= What to work on =
Write out, word for word and with no pictures, each line below from the one containing "What is the" through the one containing "Here are happy", both included, and no other line.

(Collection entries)

=== Section Start ===

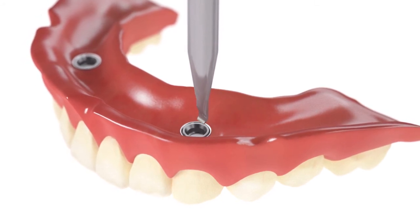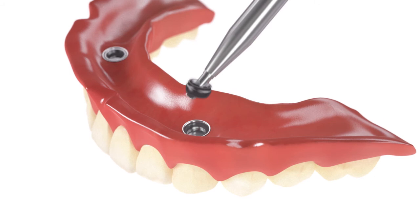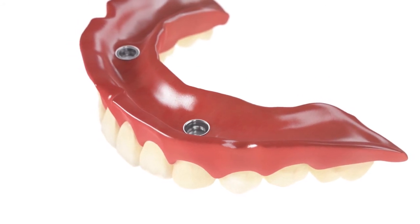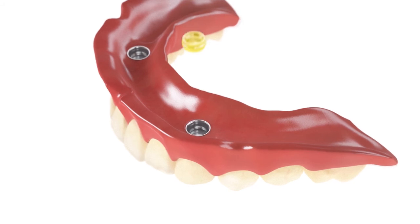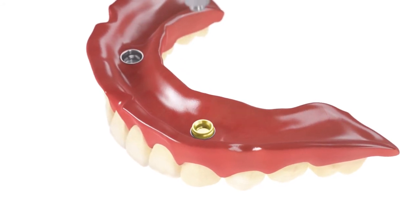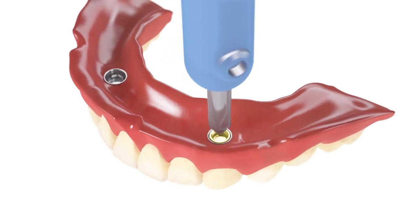Remove the black lab inserts using the OD Secure extractor tool. Choose the desired retention strength. Insert the retention cap into the housing using the OD Secure insert tool.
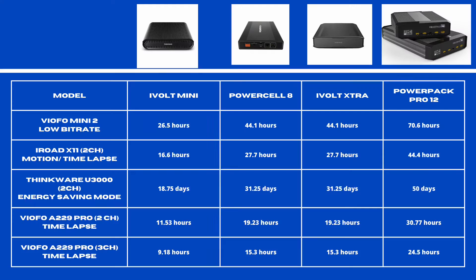What is the average record time of these battery packs? We laid out a diagram showing the Mini 2 (front only), the iRoad X11 (front and rear), the Thinkware U3000 in energy saving mode drawing as low as 10 milliamps, the Viofo A229 Pro 2-channel, and the A229 Pro 3-channel. Notably, the Thinkware U3000 on the PowerPak Pro 12 could last as long as 50 days — great if you're at an airport for a few weeks.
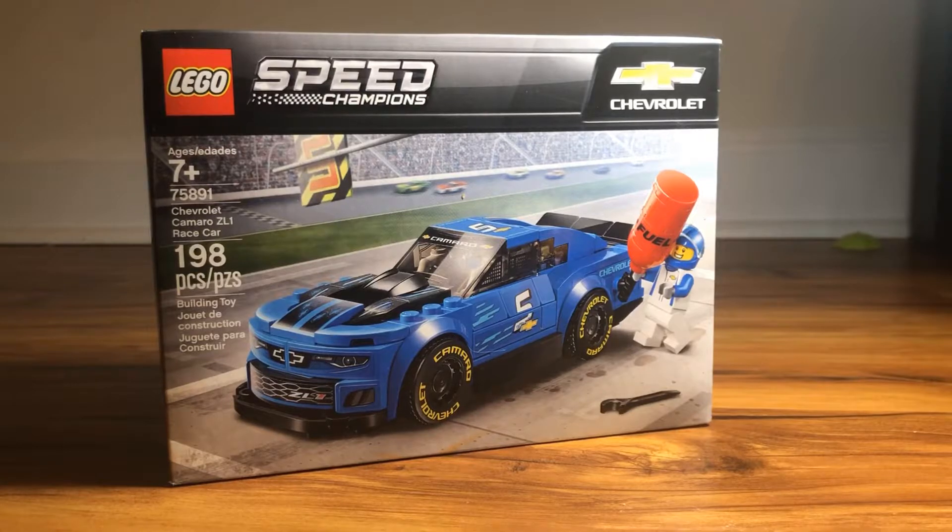Hi guys, this is the LEGO Speed Champions Mommy. Yeah Jack, we're going to put together this LEGO Speed Champions Chevrolet Camaro ZL1 race car. Wow! Are you so excited? I'm so excited. And Mommy, let's open it. Let's open it. Yay!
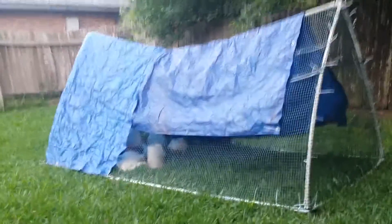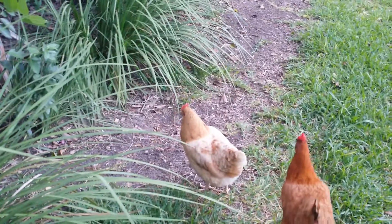Here are happy chickens, and here's Red. Hi Red! What are you doing? I miss Bumbles. Happy chickens!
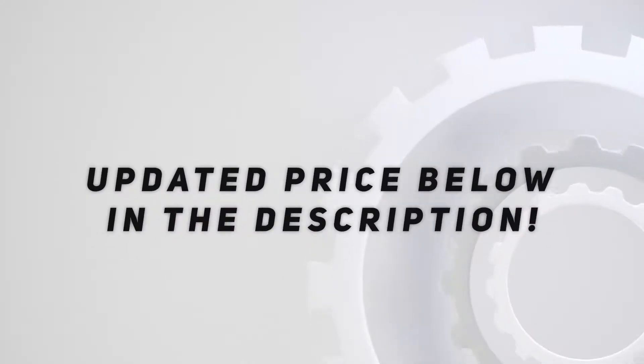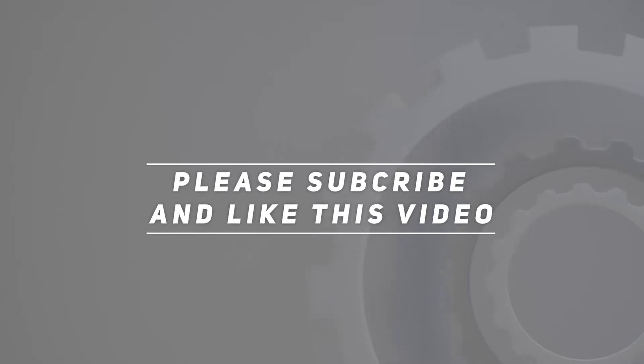Check out the video description for the updated price. Thank you for watching this video — please subscribe and hit the like button.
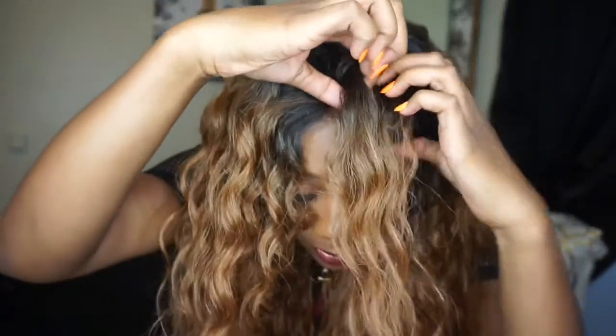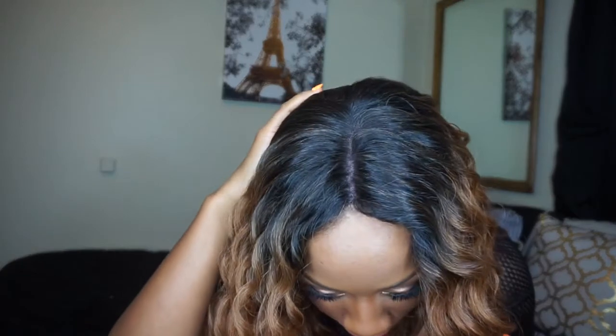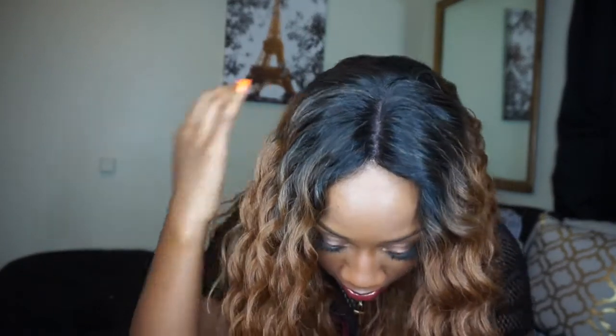I'm only 5'2" so it's going to run long on me — depending on your height. This is a 4x4 lace front wig, so you can part it anywhere within the 4x4 area. You can do a middle part and keep going — it's a really nice parting. I did not put any powder or anything on top; this is the natural parting, so I just put it on and this is what it looks like.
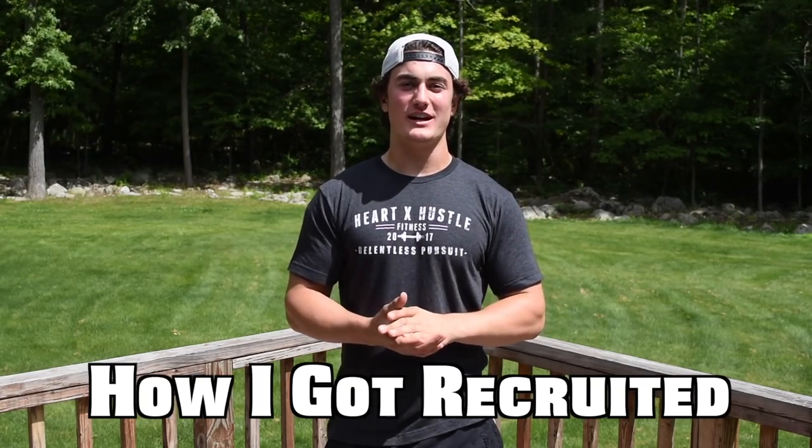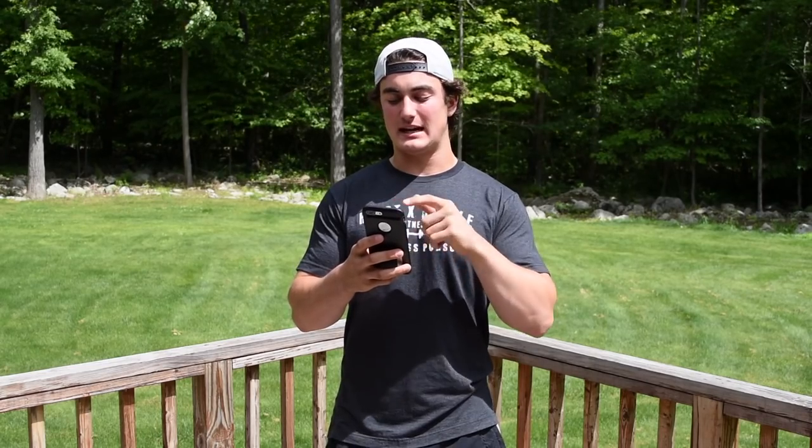What's going on everybody? Jess James Fitness here. Welcome back to episode 2 of Preparing for College Lacrosse. Today is a must-wanted topic from all you guys. We're gonna be covering how I got recruited, and then we're gonna be showing a leg routine as well as some footwork that you guys can do. This is my recruiting story.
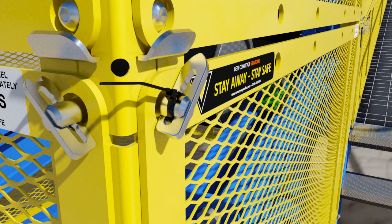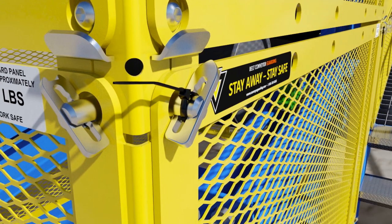Even though the cable tie prevents the wedge from opening, the wedge has some movement up and down as shown, allowing for unwanted vibration.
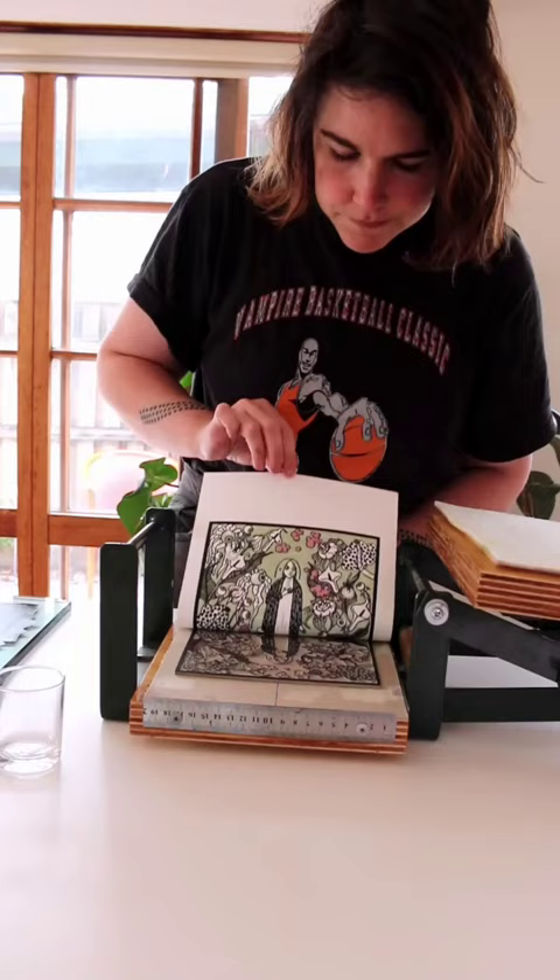There will only ever be a few of these available. Stay tuned for more prints in this series.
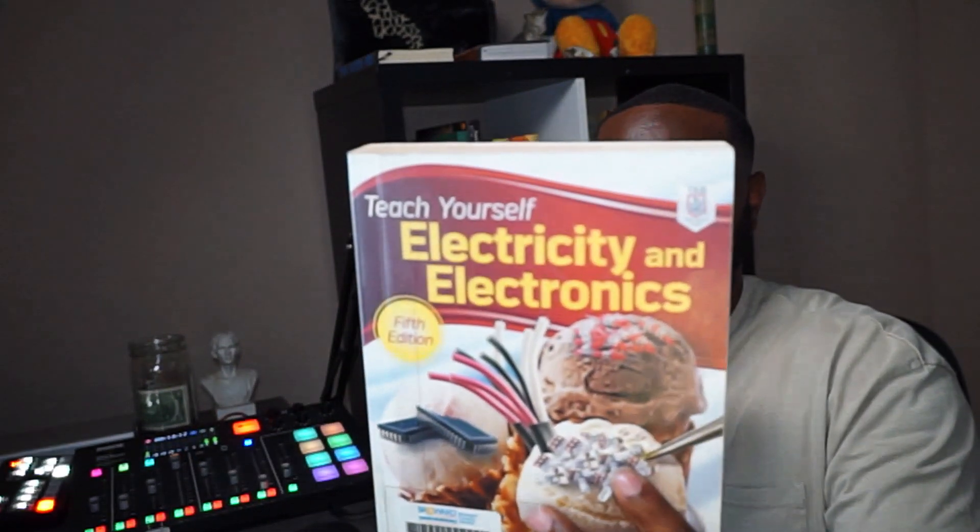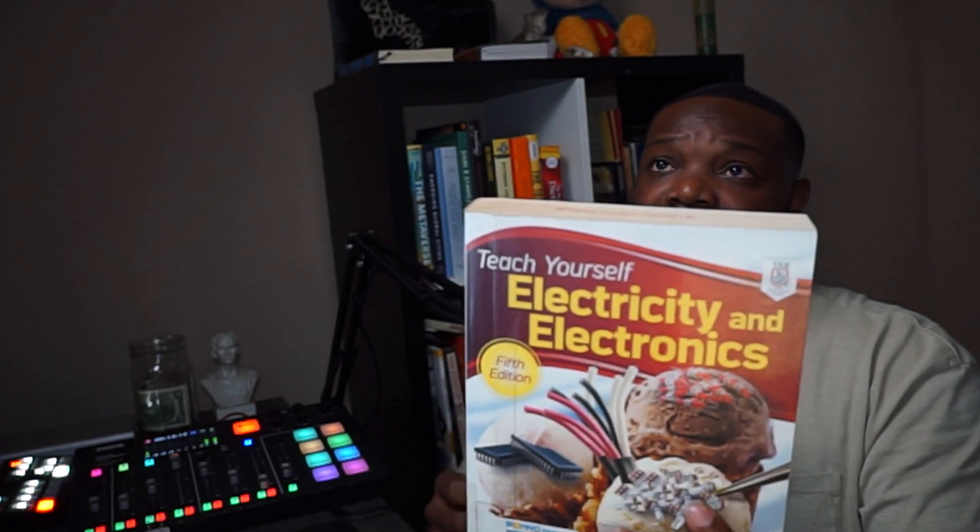This is what I'm learning out of now: 'Teach Yourself Electricity and Electronics.' You may work on a specific type of electricity — you may be indoor, outdoor, industrial, or do line work like I did. I did distribution line work. You may do substation work. You don't know everything about electrical work, and there's a good chance you may not really even know how electricity works. I think it's very important to brush up on the process.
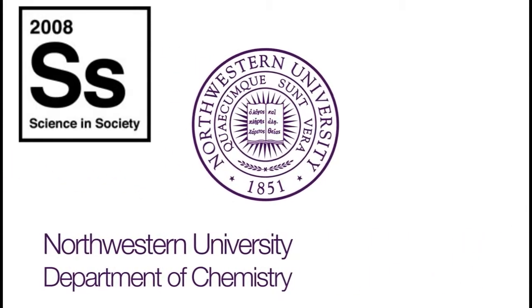Hey, this is Owen Priest for Science in Society. Quite a while back I did a blog entry for Science in Society where I told you about Professor Rick Van Dyne in the chemistry department here at Northwestern University and work that he did on a technique he developed known as surface enhanced Raman spectroscopy. If you didn't get a chance to watch the previous blog entry, you can click here and then come back and watch this.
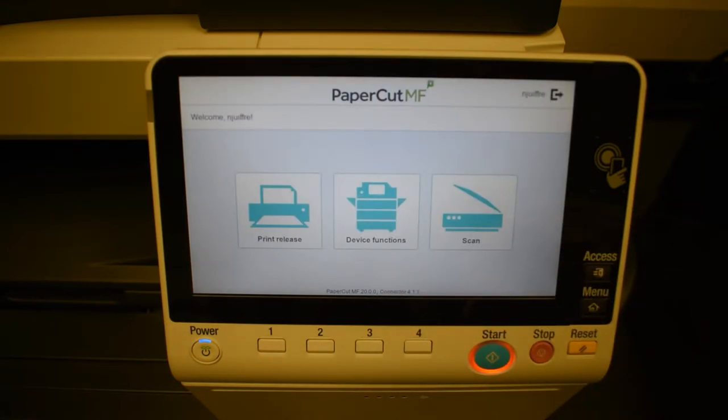Once you're logged in, you're going to see three different options, one of which, the middle one, where it says Device Functions. This just gets you right to the regular panel of the Konica in case you wanted to, let's say, make a copy — you would have an option just like you would on any other device.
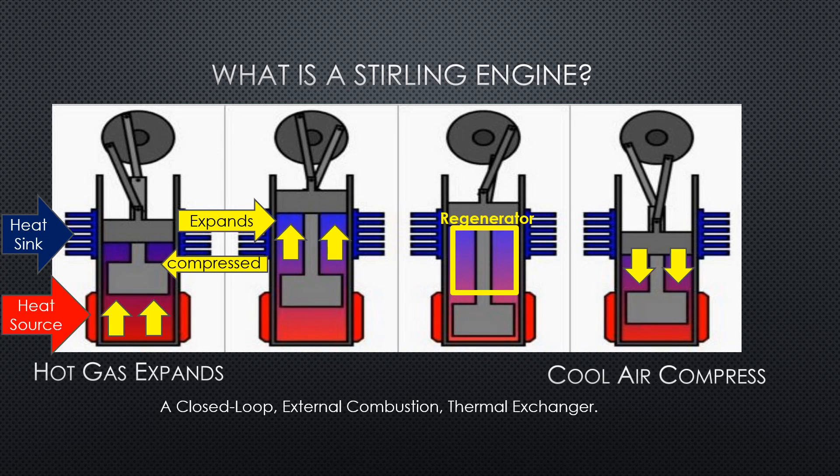As you heat up the hot end of the cylinder, it expands the gas that's in there — literally a gas. And that gas, as it expands, pushes the bottom piston up. Look closely at the cylinder — it doesn't touch the sides, so some gas is allowed to go around the outside of the cylinders. This design makes it an external combustion engine. That's the part that makes it external.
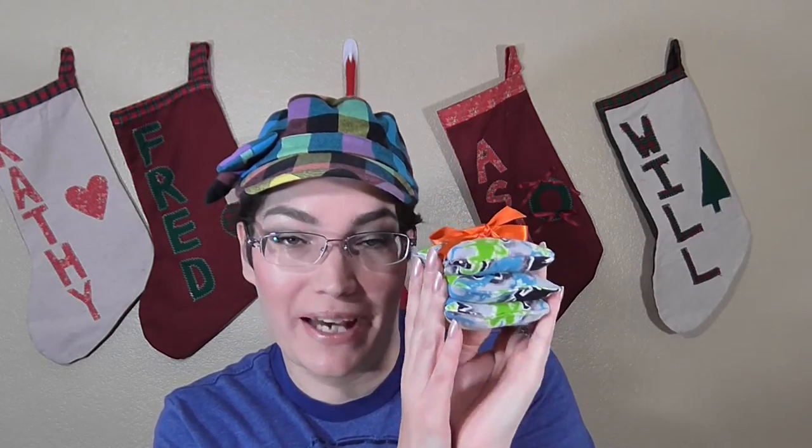Hey everyone, it's Ashley and I'm back with a Christmas DIY tutorial. This time I wanted to show you guys how to make your own cute little stocking stuffer bean bags for kids.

=== Section End ===

= Response for this exercise =
What is the average record time of these battery packs? We laid out a diagram showing the Mini 2 (front only), the iRoad X11 (front and rear), the Thinkware U3000 in energy saving mode drawing as low as 10 milliamps, the Viofo A229 Pro 2-channel, and the A229 Pro 3-channel. Notably, the Thinkware U3000 on the PowerPak Pro 12 could last as long as 50 days — great if you're at an airport for a few weeks.
Hi guys, this is the LEGO Speed Champions Mommy. Yeah Jack, we're going to put together this LEGO Speed Champions Chevrolet Camaro ZL1 race car. Wow! Are you so excited? I'm so excited. And Mommy, let's open it. Let's open it. Yay!
Here are happy chickens, and here's Red. Hi Red! What are you doing? I miss Bumbles. Happy chickens!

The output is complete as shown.